Really, I don't think "scared" is the word for it...more like "petrified"! Kidding, kidding. No, in actuality I'm really not scared at all. I guess the closer that we get to transplant day (36 days now!), the more and more I feel the "bigness" of it all. I find myself thinking: "Wow, pretty soon I'm going to have one less organ." That doesn't feel scary to me as much as it feels surreal.

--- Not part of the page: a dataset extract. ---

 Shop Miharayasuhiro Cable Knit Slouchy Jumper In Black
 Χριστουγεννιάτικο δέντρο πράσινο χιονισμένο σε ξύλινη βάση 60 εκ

I'm not naive and know that anything can happen, but I also know that anything can happen...anytime...anywhere. The scariness of life surrounds us; it doesn't just show up in a kidney transplant. I've really been taught the lesson in my own life as of late (a lesson learned outside of thinking about this surgery) that we can't cower in a corner because life is scary. Instead of worrying about what will happen tomorrow or the day after tomorrow, we have to live life one day at a time--rejoicing in the awesomeness of it and dealing with the chaos it brings as it comes. That way, we don't miss the great things, don't waste energy fretting the scary things that never come to be, and have the strength to confront the latter when they do appear.

Plus, it's pretty hard to be scared knowing how "easy" this laparoscopic surgery really is and knowing what stellar (some of the best in the country) doctors will be taking care of me.

So, my answer? I'm not skeered!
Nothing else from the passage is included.